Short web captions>
┌────────

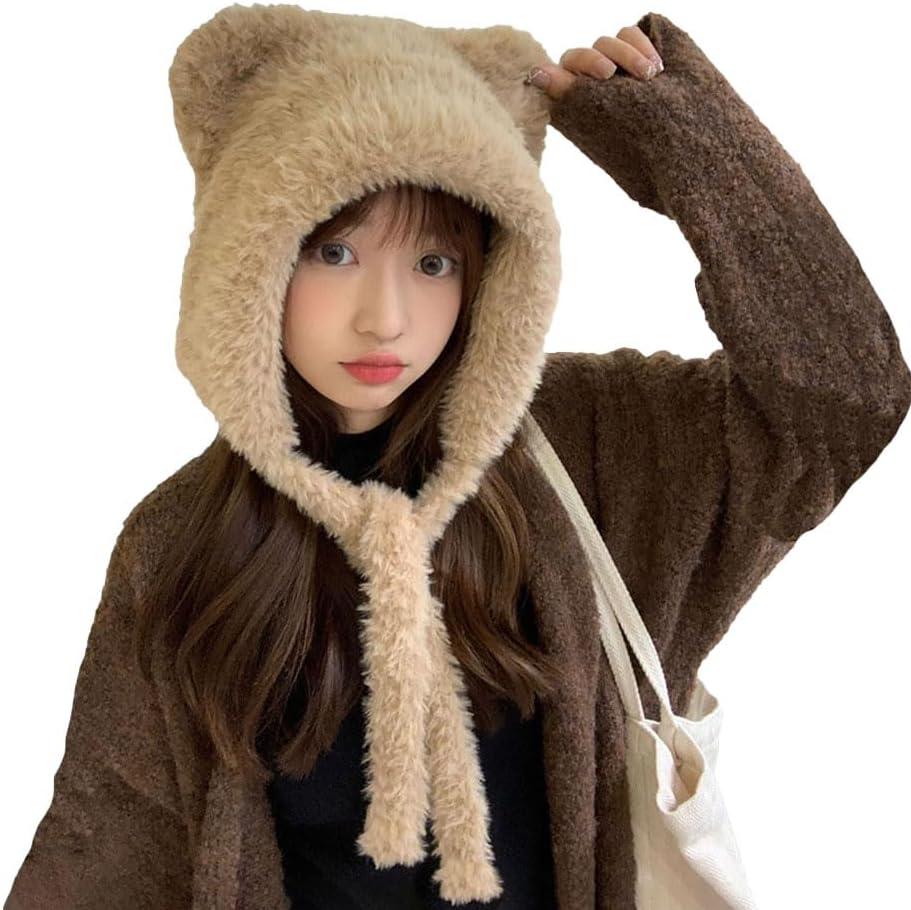 Women Winter Beanie Hats Knit Ear Flaps Cute Stuffed Bear Ears Fleece Lined Fluffy Ski Snow Hat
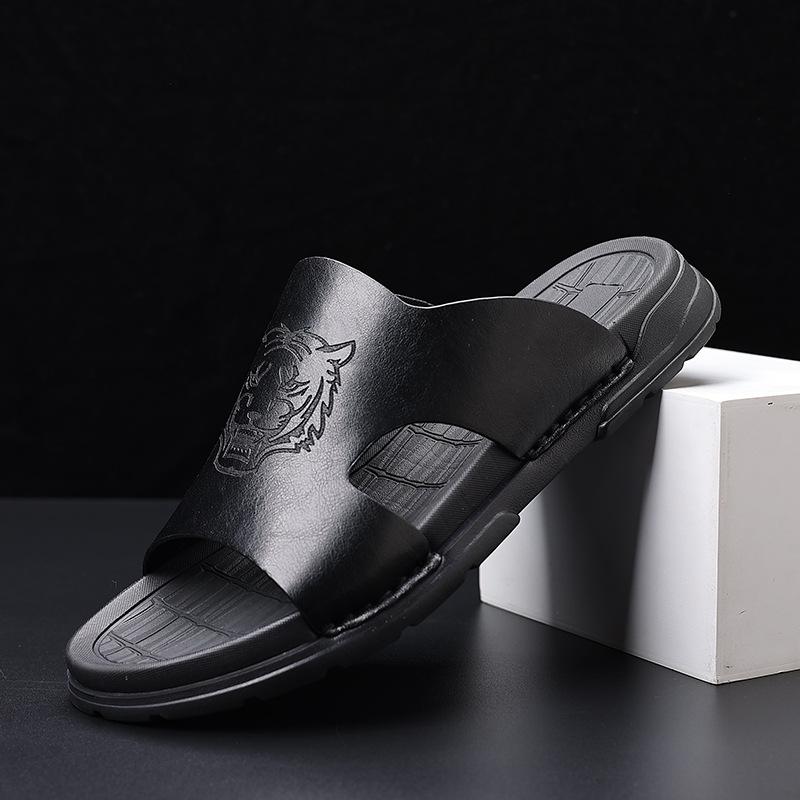 

2025 новые односложные тапочки мужские летние модные туфли повседневные черные пляжные сандалии 2083-Y 38 чёрный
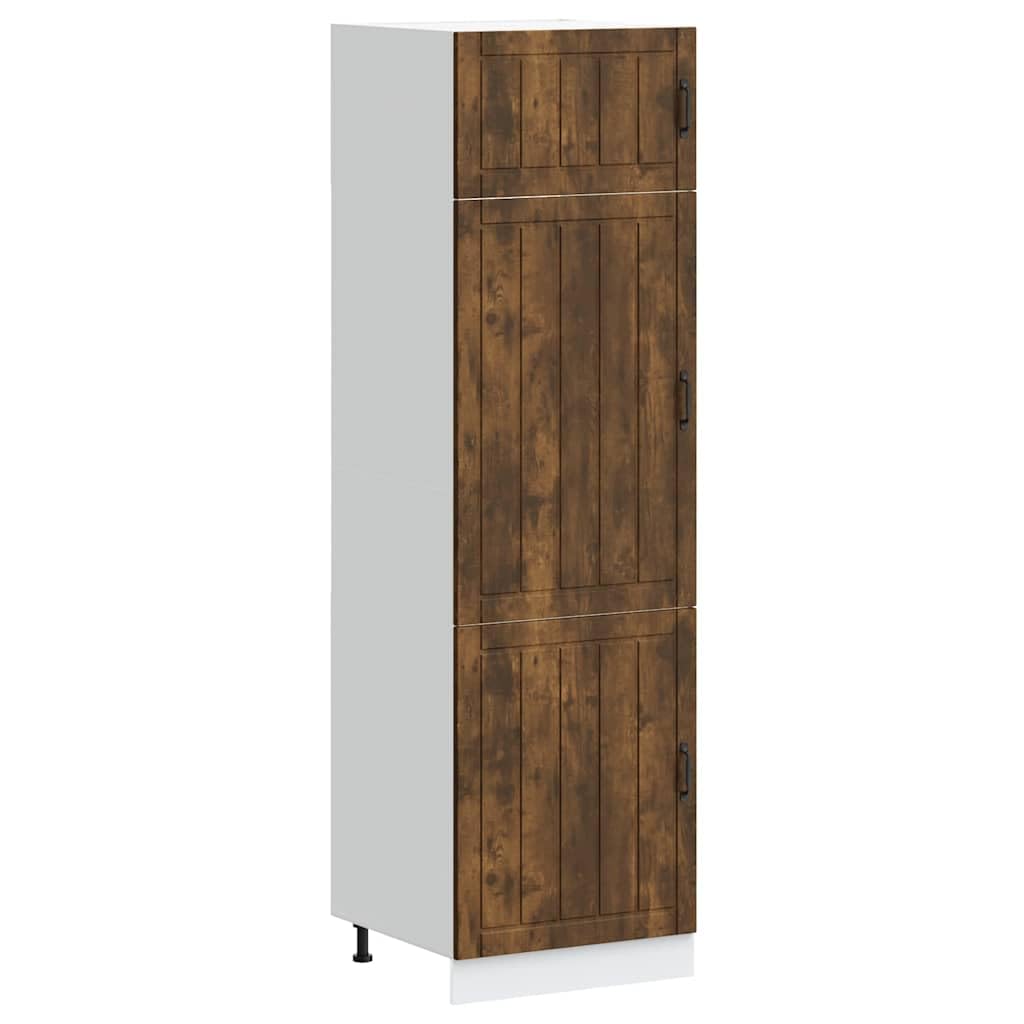 Lucca - Mobile da cucina in legno di rovere affumicato, con molto spazio, piedini regolabili, autoportante, 60 x 57 x 207 cm, ideale come mobiletto sottostanza, credenza per cucina e sala da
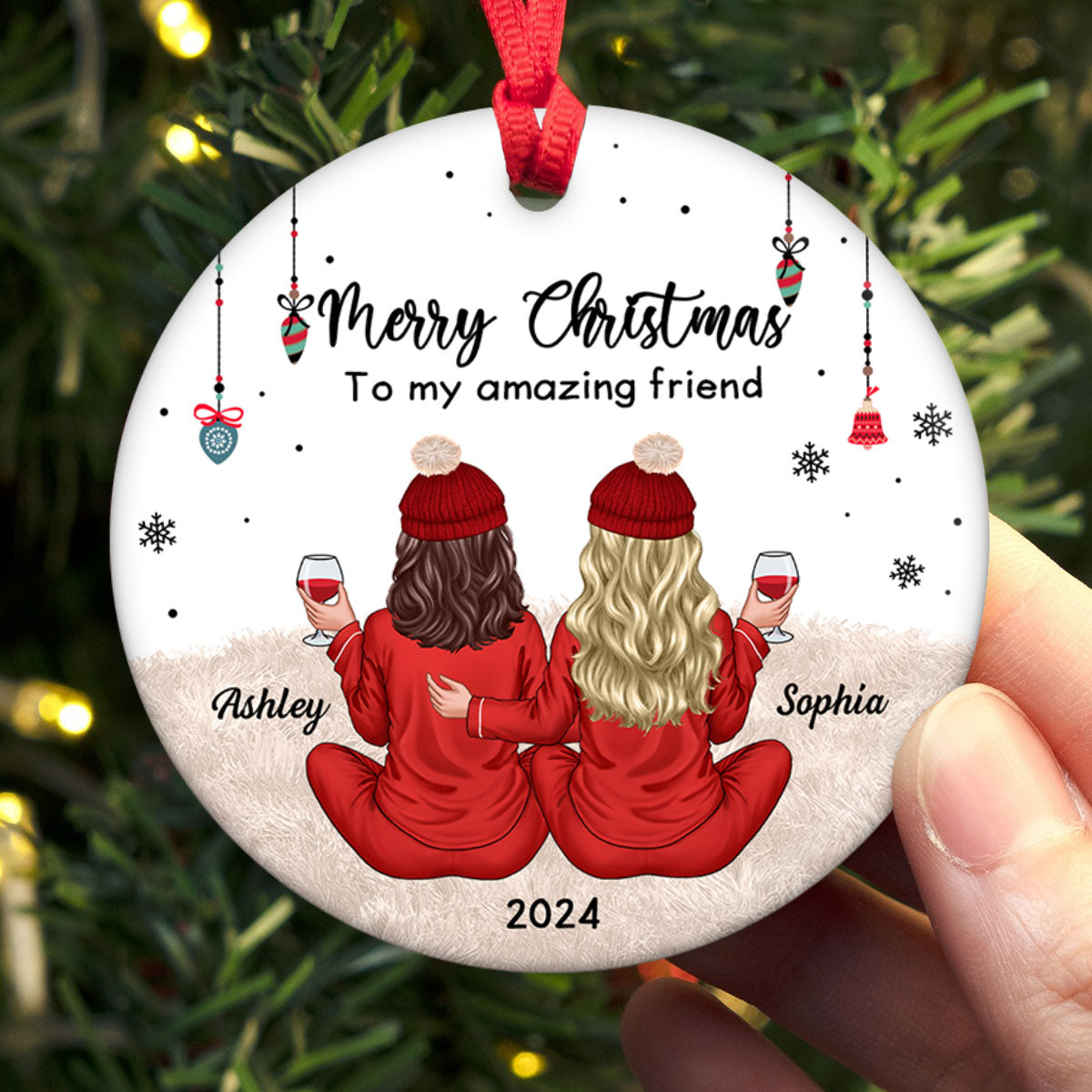 Besties Celebrating Christmas The Girls Always Better Together Personalized Ceramic Ornament, Christmas Gift For Ceramic Ornament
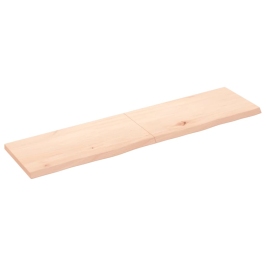 Estante de pared madera maciza roble sin tratar 160x40x(2-4) cm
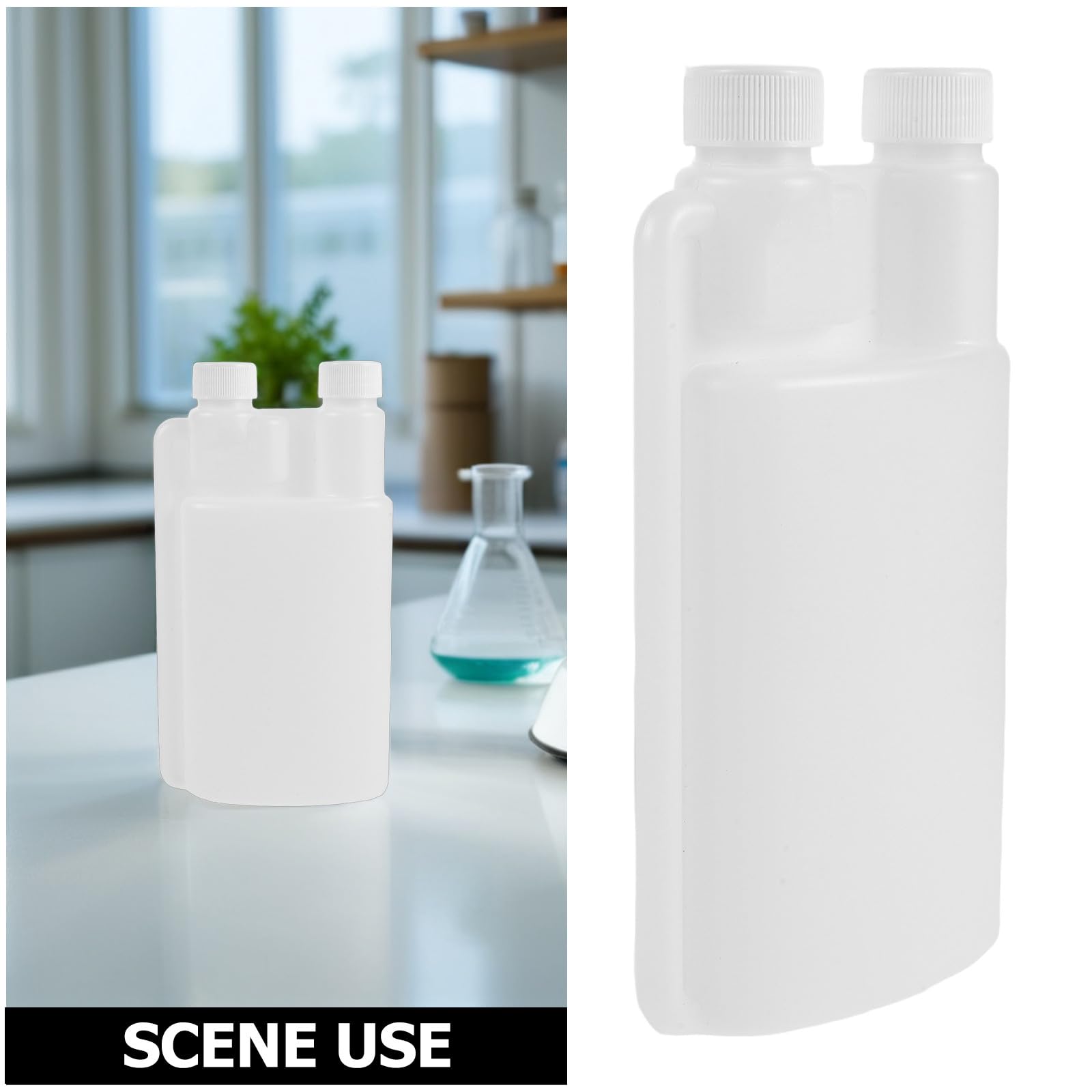Lot de 10 flacons de laboratoire 500 ml/17 oz, récipients en plastique à double compartiment pour réactifs, flacons souples gradués pour le stockage d'échantillons chimiques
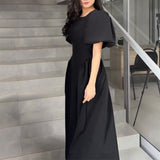 Women's 2025 Summer New Bubble Sleeve Tie With Fashion Temperament Dress Dress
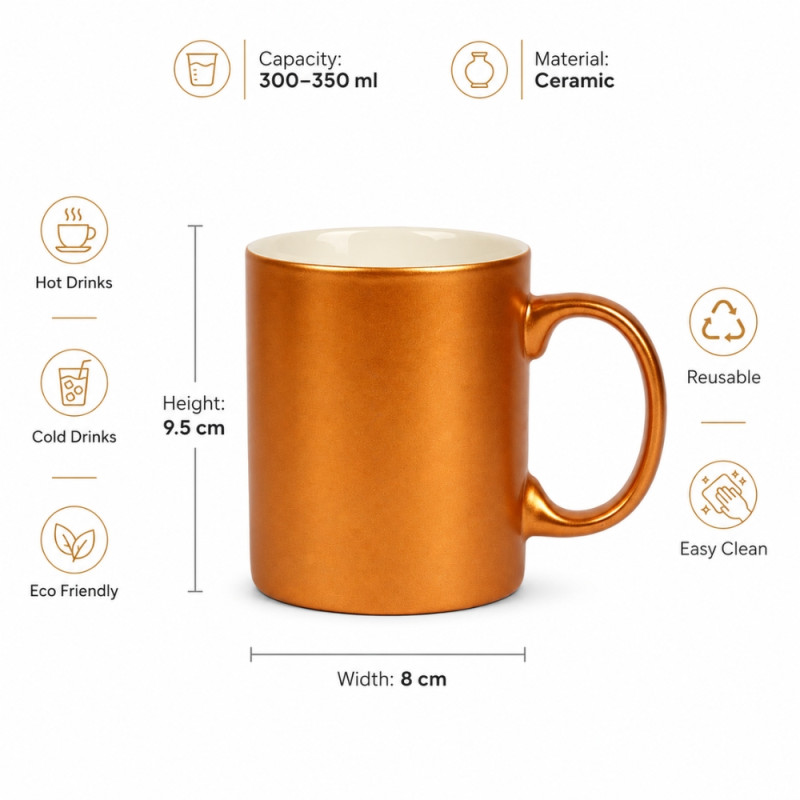 Exclusive metallic gold ceramic coffee mug suitable for sublimation printing – Orange (9.5 x 8cm)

└────────

Problem> With the pictures left out, copy exactly the lines from the line holding "Lot de 10 flacons" through the final line of the records, including both.

Solution to the exercise>
Lot de 10 flacons de laboratoire 500 ml/17 oz, récipients en plastique à double compartiment pour réactifs, flacons souples gradués pour le stockage d'échantillons chimiques
 Women's 2025 Summer New Bubble Sleeve Tie With Fashion Temperament Dress Dress
 Exclusive metallic gold ceramic coffee mug suitable for sublimation printing – Orange (9.5 x 8cm)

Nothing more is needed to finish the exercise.